Community Health Center of Southeast Kansas knows something about reaching out to the community. Already serving what chief executive officer Krista Postoi described as the “poorest and least healthy section of the state of Kansas,” the health center employs a nurse practitioner to visit older and disabled patients, along with anyone else who can’t make it to a clinic.

So when a Covid-19 vaccine became available, it made sense that the health center – in addition to vaccinating high volumes of patients at clinic locations – would target older and disabled adults for vaccinations as well. The health center plans to spend part of its Direct Relief funding on outreach to people who need the vaccine but for whom getting to a clinic would pose a hardship.

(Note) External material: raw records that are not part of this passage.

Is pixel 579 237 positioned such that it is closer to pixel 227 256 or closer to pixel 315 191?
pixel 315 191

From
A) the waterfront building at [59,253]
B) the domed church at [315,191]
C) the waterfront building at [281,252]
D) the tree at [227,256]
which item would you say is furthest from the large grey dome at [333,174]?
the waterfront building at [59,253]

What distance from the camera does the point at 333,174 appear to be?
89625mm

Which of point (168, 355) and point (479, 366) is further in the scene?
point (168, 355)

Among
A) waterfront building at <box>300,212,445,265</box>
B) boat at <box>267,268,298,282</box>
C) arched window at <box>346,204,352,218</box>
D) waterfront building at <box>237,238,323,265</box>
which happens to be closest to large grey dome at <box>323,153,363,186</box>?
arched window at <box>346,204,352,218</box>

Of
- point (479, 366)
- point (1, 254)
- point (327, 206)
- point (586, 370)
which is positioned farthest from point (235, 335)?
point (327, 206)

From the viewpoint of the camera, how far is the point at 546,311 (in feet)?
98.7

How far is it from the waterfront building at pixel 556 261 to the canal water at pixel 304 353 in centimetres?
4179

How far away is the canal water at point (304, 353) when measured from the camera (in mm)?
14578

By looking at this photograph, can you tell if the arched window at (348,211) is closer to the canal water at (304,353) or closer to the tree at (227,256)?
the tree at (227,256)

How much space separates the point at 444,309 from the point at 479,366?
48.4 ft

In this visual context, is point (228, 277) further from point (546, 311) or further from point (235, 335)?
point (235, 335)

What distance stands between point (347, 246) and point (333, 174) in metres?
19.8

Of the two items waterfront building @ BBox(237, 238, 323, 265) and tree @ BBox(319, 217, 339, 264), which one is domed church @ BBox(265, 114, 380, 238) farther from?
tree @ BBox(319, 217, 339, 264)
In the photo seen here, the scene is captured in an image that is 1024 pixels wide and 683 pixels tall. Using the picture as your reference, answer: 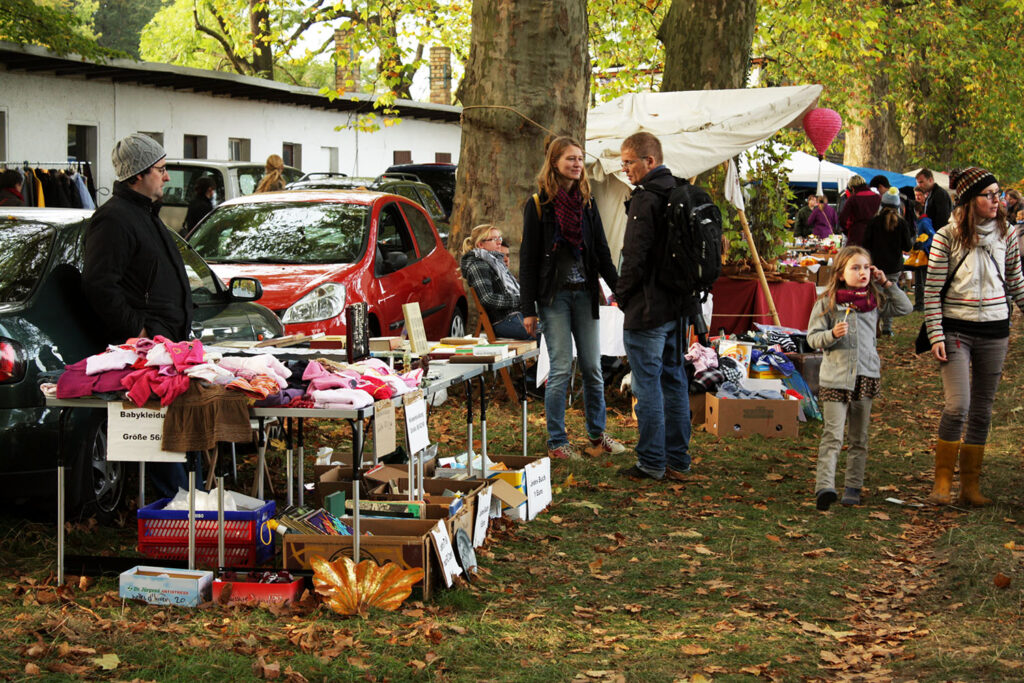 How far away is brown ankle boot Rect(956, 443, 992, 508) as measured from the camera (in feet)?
25.5

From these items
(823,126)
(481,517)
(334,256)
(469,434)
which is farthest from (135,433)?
(823,126)

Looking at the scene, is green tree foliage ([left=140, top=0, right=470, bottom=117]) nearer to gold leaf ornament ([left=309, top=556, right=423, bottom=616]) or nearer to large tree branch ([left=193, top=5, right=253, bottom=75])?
large tree branch ([left=193, top=5, right=253, bottom=75])

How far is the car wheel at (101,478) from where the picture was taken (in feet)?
21.0

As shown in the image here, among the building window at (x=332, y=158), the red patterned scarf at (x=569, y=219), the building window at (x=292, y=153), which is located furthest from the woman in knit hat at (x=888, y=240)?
the building window at (x=332, y=158)

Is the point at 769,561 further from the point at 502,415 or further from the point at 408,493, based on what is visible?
the point at 502,415

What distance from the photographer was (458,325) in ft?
40.4

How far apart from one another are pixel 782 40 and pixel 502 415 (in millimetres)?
20947

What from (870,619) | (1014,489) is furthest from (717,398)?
(870,619)

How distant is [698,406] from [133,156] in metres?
5.66

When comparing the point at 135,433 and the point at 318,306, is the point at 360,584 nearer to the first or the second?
the point at 135,433

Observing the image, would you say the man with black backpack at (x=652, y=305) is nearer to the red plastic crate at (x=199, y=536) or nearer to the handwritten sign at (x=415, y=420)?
the handwritten sign at (x=415, y=420)

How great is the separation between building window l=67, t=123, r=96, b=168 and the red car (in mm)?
13901

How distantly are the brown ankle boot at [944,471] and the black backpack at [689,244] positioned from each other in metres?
1.77

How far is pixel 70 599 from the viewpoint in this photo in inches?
214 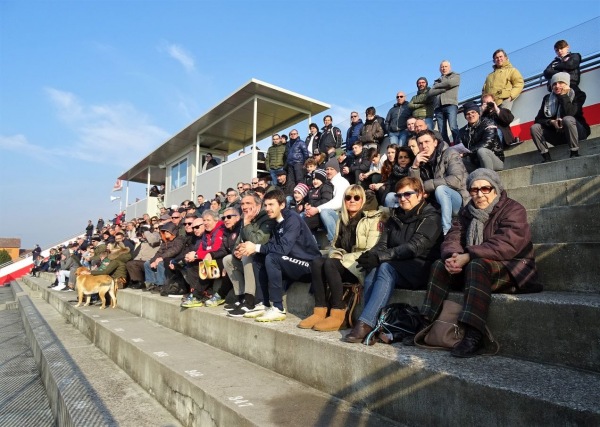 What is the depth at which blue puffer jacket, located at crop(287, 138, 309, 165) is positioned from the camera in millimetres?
9859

“There’s no shortage of folks who are stuck at home in rural America,” Postoi said.

At the same time, they’ve had a “tsunami of folks” – Postoi’s words – who wanted a vaccine appointment, straining both their staffing resources and their online systems. They’ve been paying a lot of overtime, Postoi said.

“We’re not really in a financial position to do that. We’re still bouncing back from the down months,” she explained.

The health center is used to Covid-19 bringing ever-new challenges – at one point, unable to get a full supply of PPE, the health center placed a large order for plastic raincoats and instructed staff members to wear them backward.

But when it comes to vaccination and testing, they’ve managed the surrounding community’s most vulnerable. “We’ve actually brought vaccine to a county that everyone thought would be the last to get it,” Postoi said. “We’ve been the first.”